> **WHAT IS REQUIRED**
Line by line, restate the material word for word, omitting any image.

> **RECORDS FOR PROCESSING**
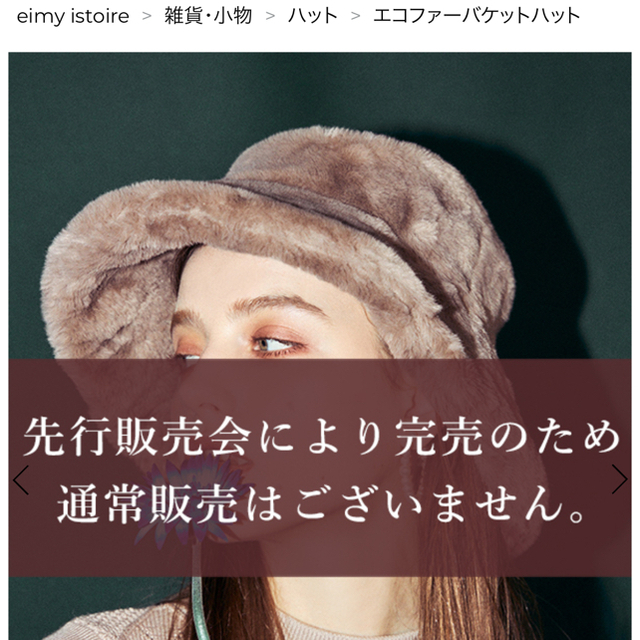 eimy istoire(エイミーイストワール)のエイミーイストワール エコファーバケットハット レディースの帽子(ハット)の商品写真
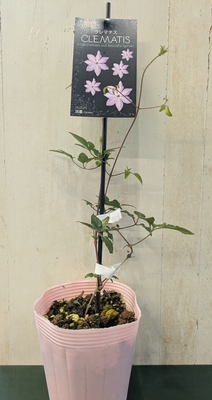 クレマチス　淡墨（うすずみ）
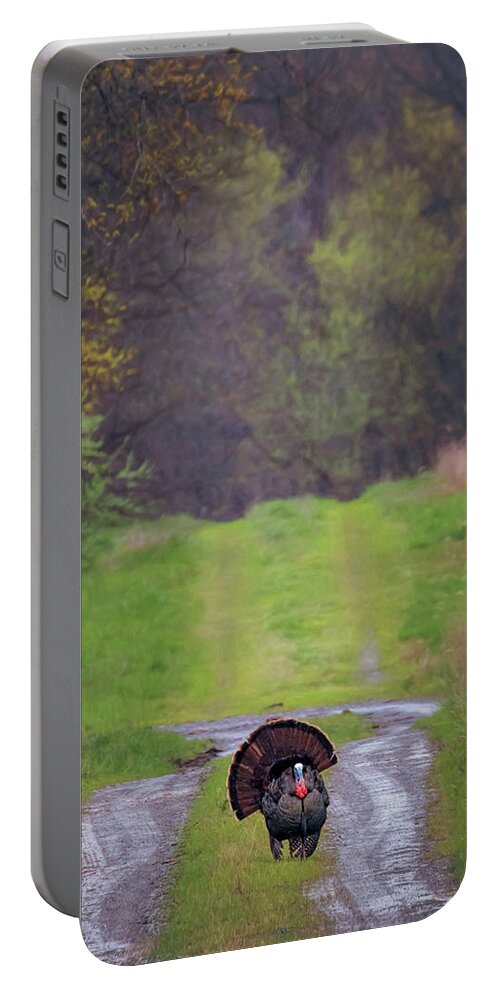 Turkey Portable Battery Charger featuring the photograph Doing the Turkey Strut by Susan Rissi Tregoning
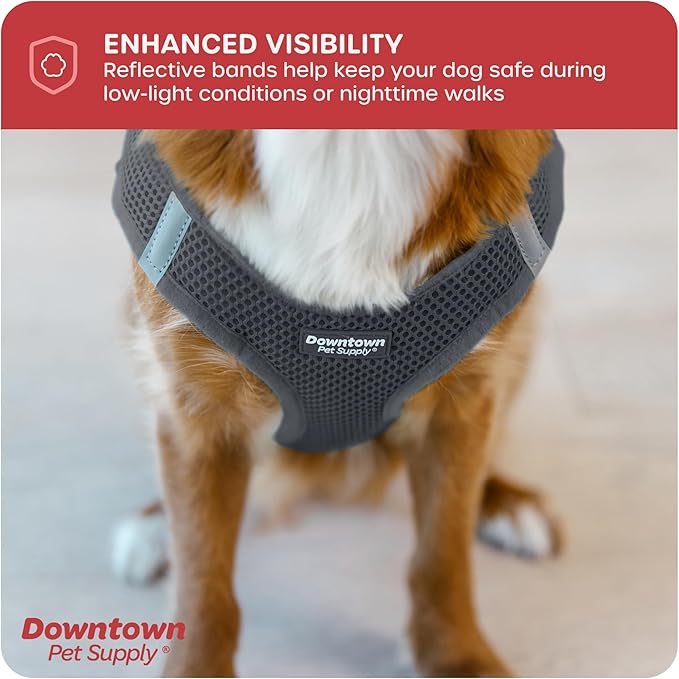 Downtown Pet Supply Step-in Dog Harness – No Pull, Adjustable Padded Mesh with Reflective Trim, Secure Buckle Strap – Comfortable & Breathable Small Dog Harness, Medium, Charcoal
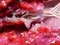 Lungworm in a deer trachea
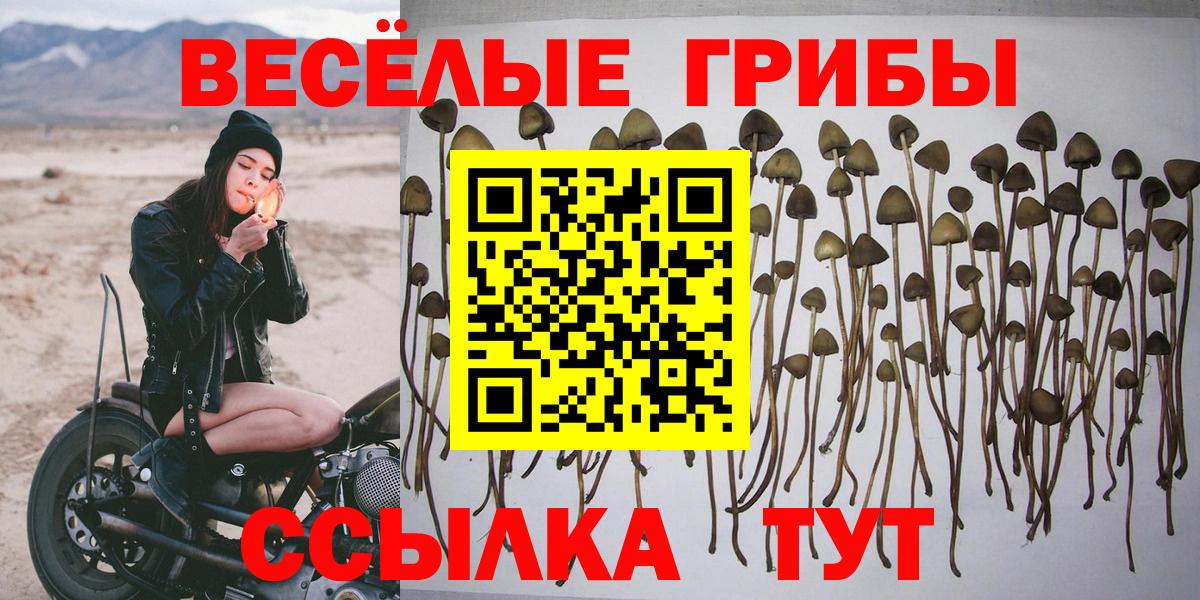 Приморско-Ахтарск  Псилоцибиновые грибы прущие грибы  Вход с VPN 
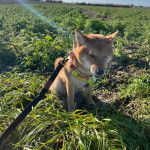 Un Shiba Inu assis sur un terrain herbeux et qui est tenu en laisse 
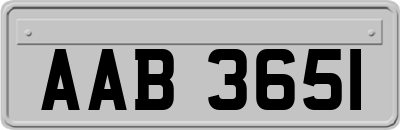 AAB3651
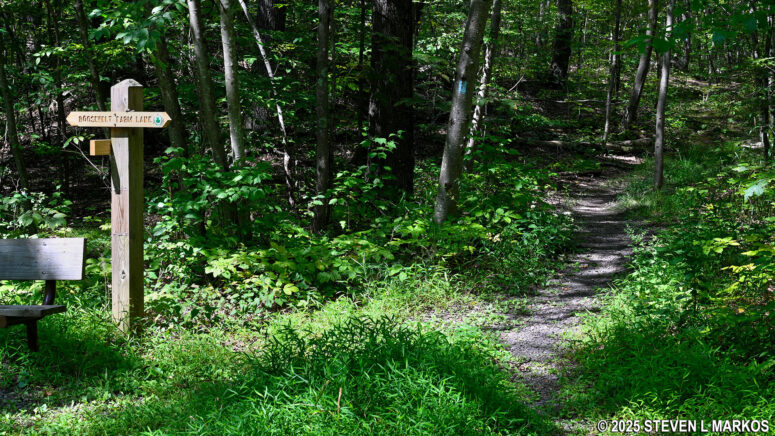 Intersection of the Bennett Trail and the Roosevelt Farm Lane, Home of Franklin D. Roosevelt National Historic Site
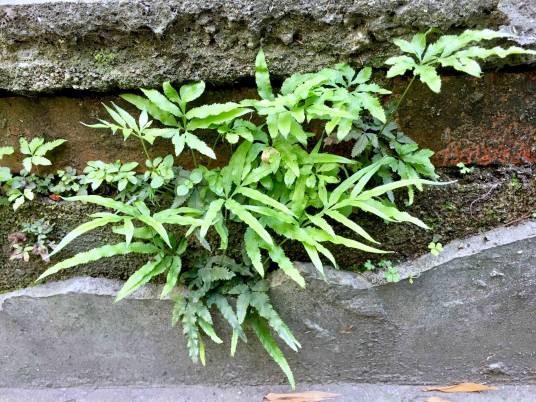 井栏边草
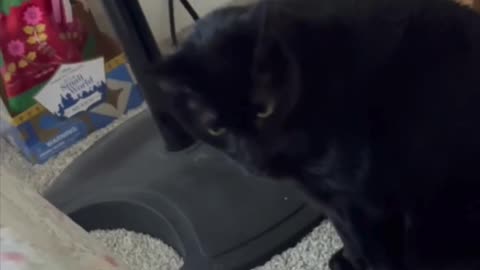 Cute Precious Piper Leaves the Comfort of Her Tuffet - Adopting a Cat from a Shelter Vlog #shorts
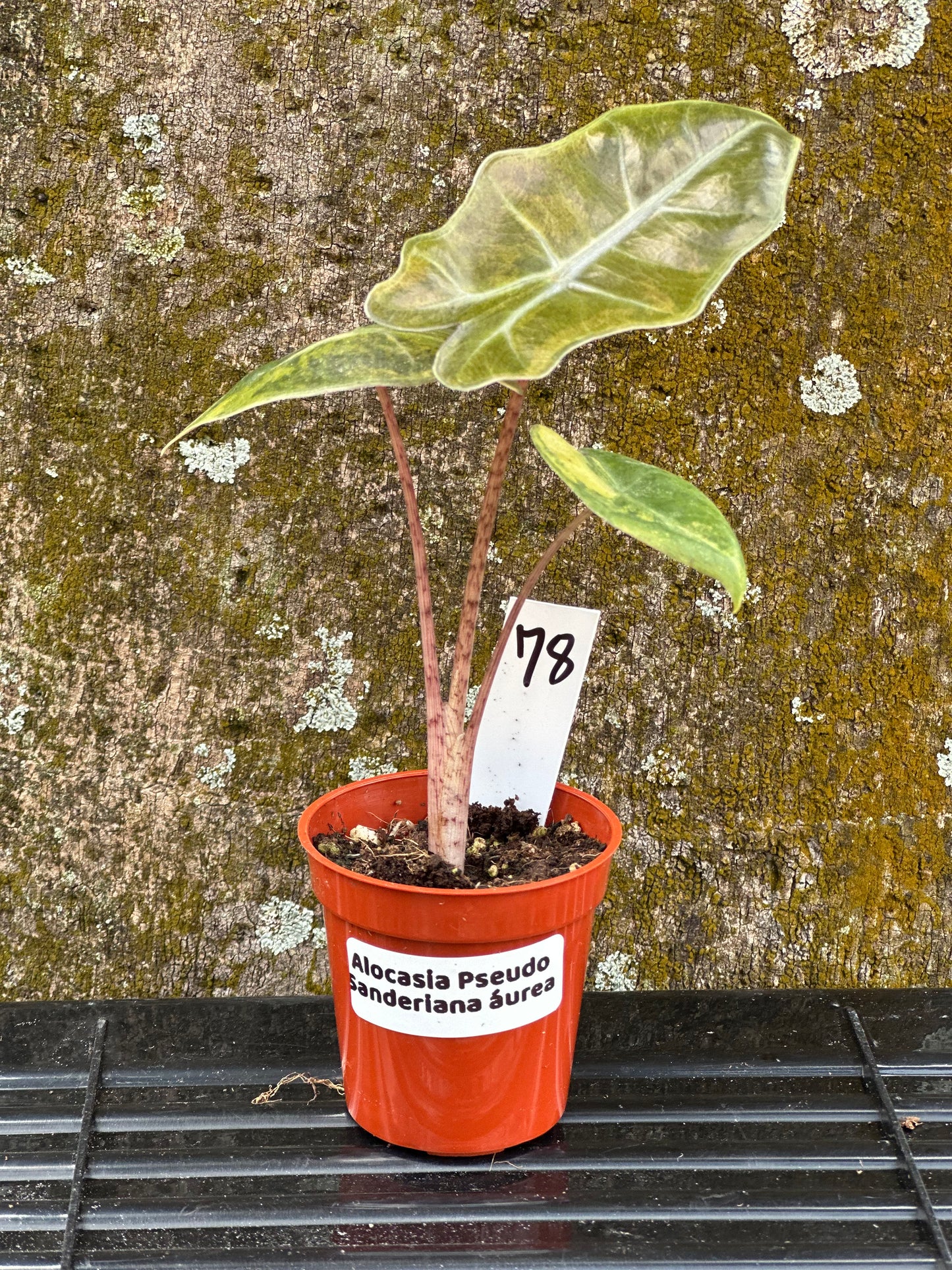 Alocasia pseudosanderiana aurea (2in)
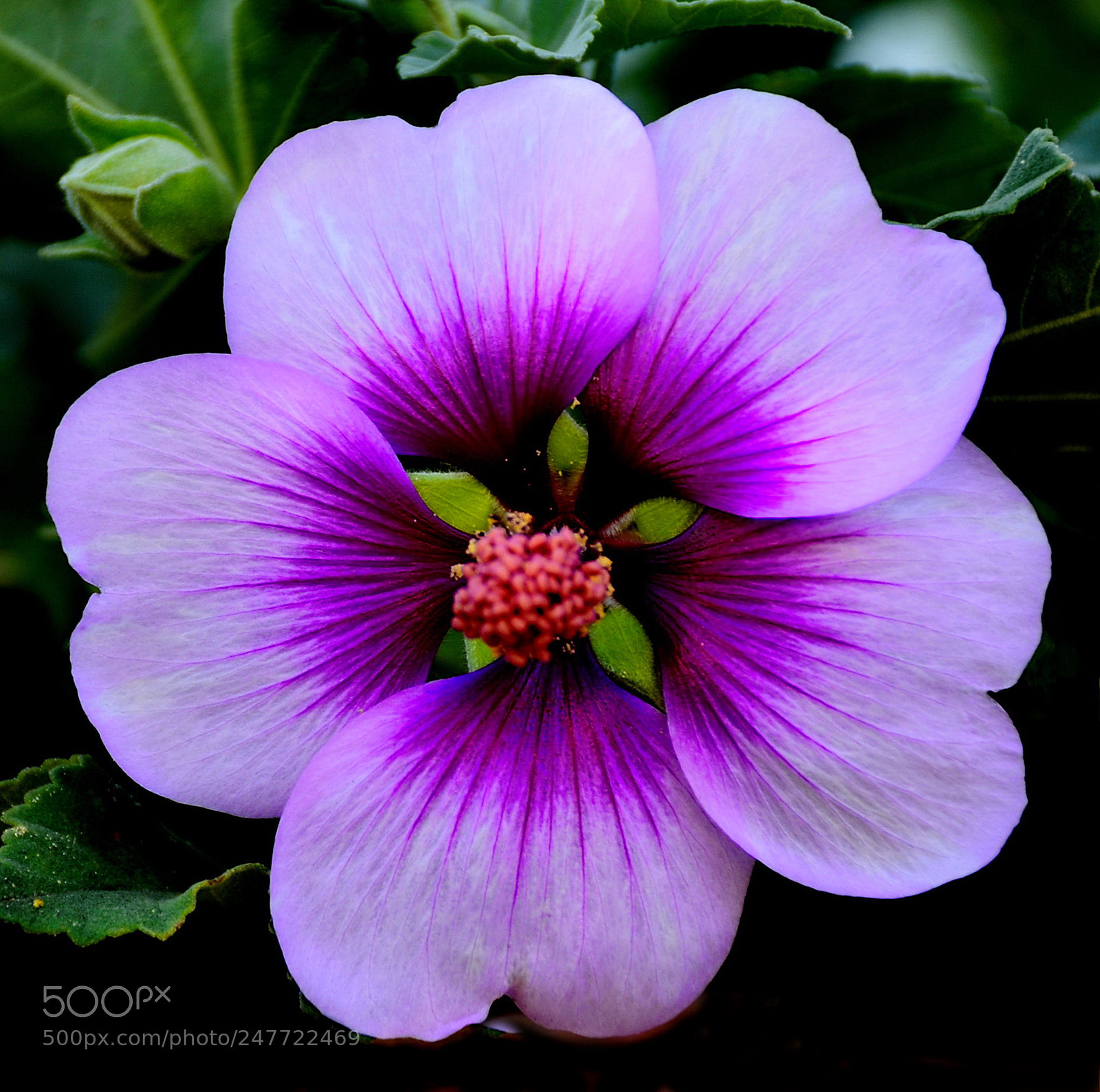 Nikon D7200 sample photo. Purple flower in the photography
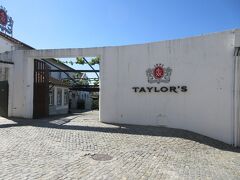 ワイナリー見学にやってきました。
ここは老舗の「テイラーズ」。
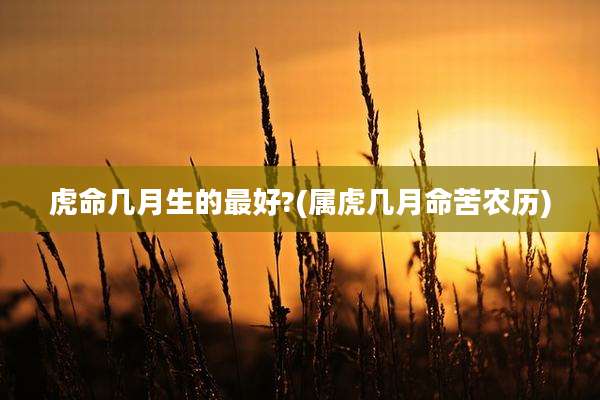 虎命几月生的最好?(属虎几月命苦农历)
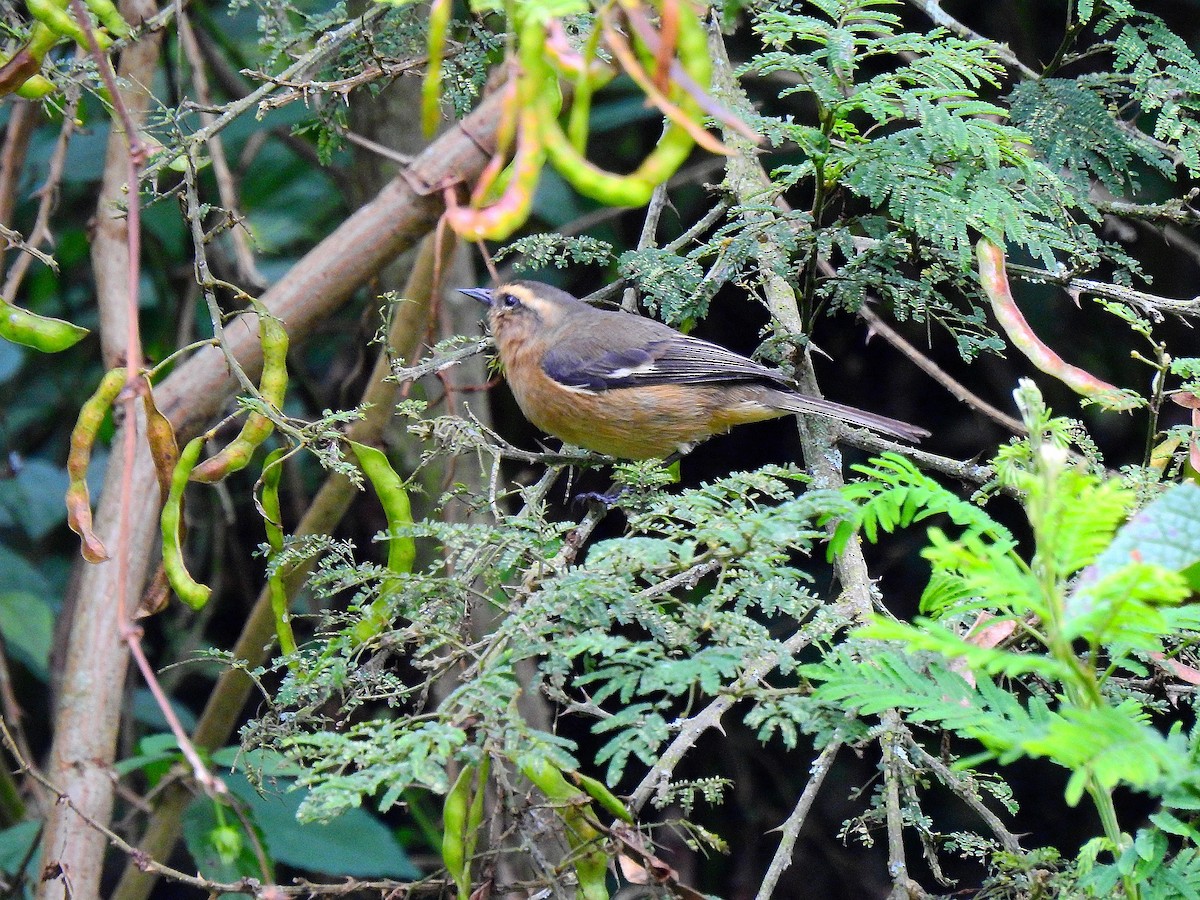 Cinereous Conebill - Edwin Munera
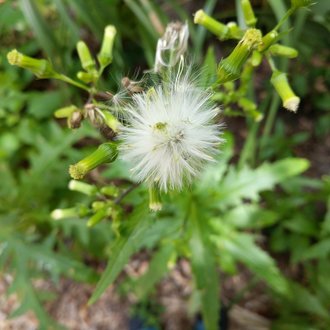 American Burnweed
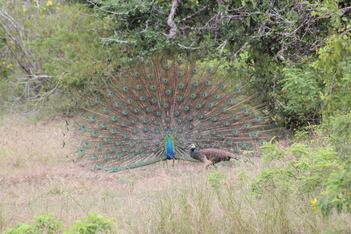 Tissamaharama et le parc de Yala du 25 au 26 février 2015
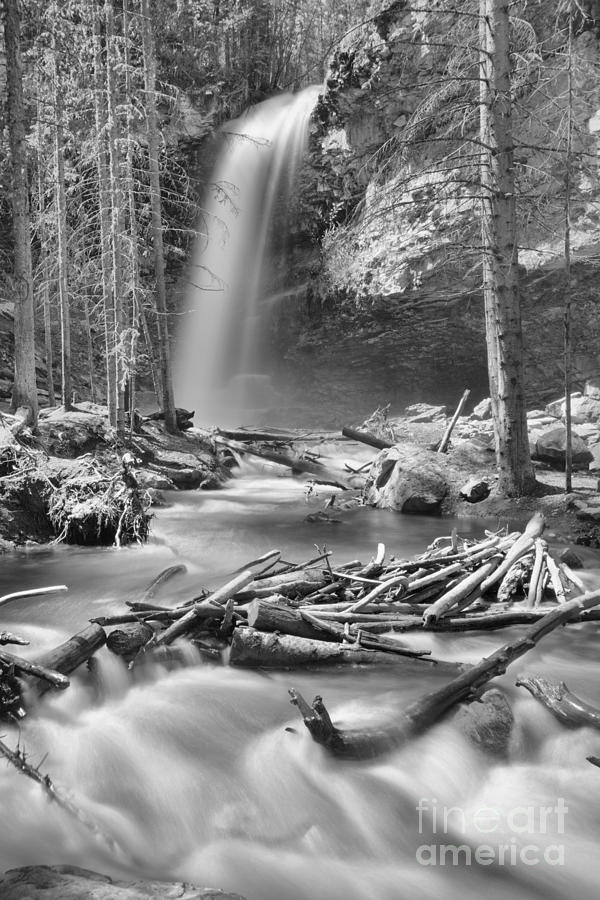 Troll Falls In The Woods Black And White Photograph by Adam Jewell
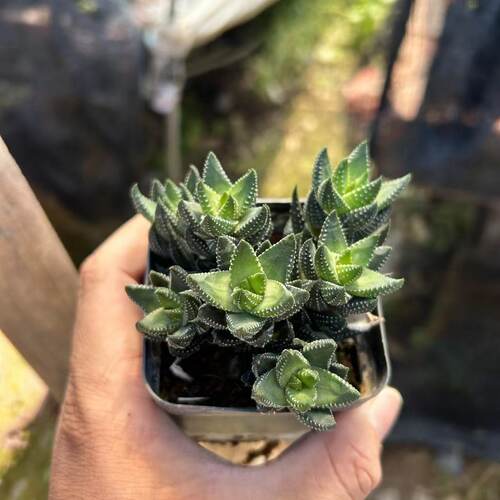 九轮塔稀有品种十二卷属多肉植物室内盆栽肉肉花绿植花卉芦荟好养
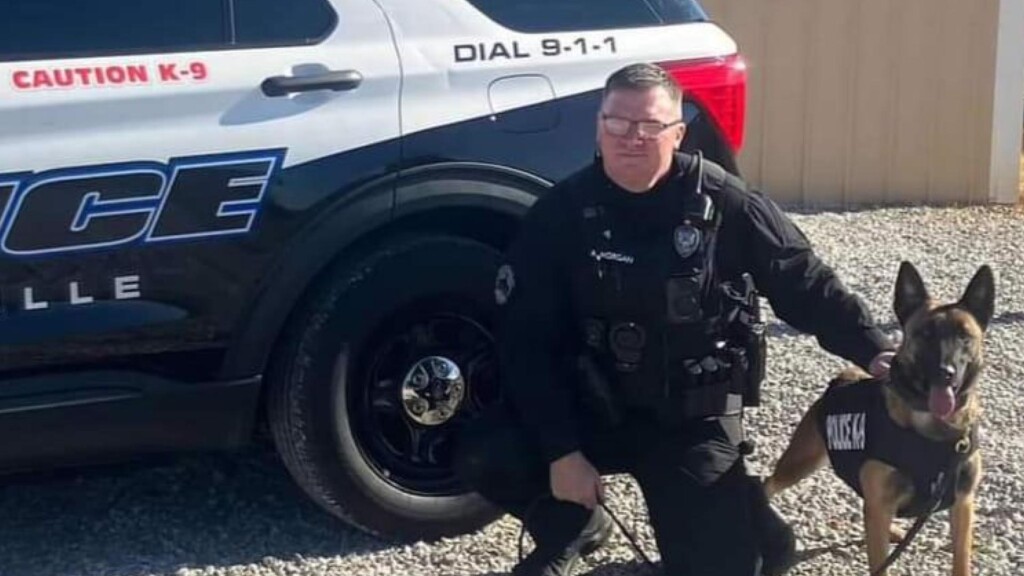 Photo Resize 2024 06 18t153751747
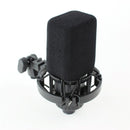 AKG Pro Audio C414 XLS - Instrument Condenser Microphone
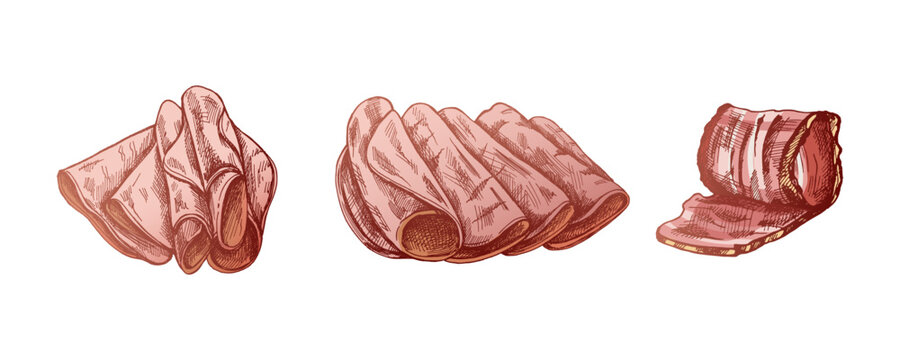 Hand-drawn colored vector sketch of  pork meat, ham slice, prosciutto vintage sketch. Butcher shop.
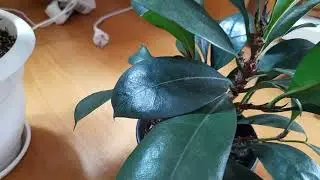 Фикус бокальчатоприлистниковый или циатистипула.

> **ANSWER TO THIS PROBLEM**
 eimy istoire(エイミーイストワール)のエイミーイストワール エコファーバケットハット レディースの帽子(ハット)の商品写真
 クレマチス　淡墨（うすずみ）
 Turkey Portable Battery Charger featuring the photograph Doing the Turkey Strut by Susan Rissi Tregoning
 Downtown Pet Supply Step-in Dog Harness – No Pull, Adjustable Padded Mesh with Reflective Trim, Secure Buckle Strap – Comfortable & Breathable Small Dog Harness, Medium, Charcoal
 Lungworm in a deer trachea
 Приморско-Ахтарск  Псилоцибиновые грибы прущие грибы  Вход с VPN 
 Un Shiba Inu assis sur un terrain herbeux et qui est tenu en laisse 
 AAB3651
 Intersection of the Bennett Trail and the Roosevelt Farm Lane, Home of Franklin D. Roosevelt National Historic Site
 井栏边草
 Cute Precious Piper Leaves the Comfort of Her Tuffet - Adopting a Cat from a Shelter Vlog #shorts
 Alocasia pseudosanderiana aurea (2in)
 Nikon D7200 sample photo. Purple flower in the photography
 ワイナリー見学にやってきました。
ここは老舗の「テイラーズ」。
 虎命几月生的最好?(属虎几月命苦农历)
 Cinereous Conebill - Edwin Munera
 American Burnweed
 Tissamaharama et le parc de Yala du 25 au 26 février 2015
 Troll Falls In The Woods Black And White Photograph by Adam Jewell
 九轮塔稀有品种十二卷属多肉植物室内盆栽肉肉花绿植花卉芦荟好养
 Photo Resize 2024 06 18t153751747
 AKG Pro Audio C414 XLS - Instrument Condenser Microphone
 Hand-drawn colored vector sketch of  pork meat, ham slice, prosciutto vintage sketch. Butcher shop.
 Фикус бокальчатоприлистниковый или циатистипула.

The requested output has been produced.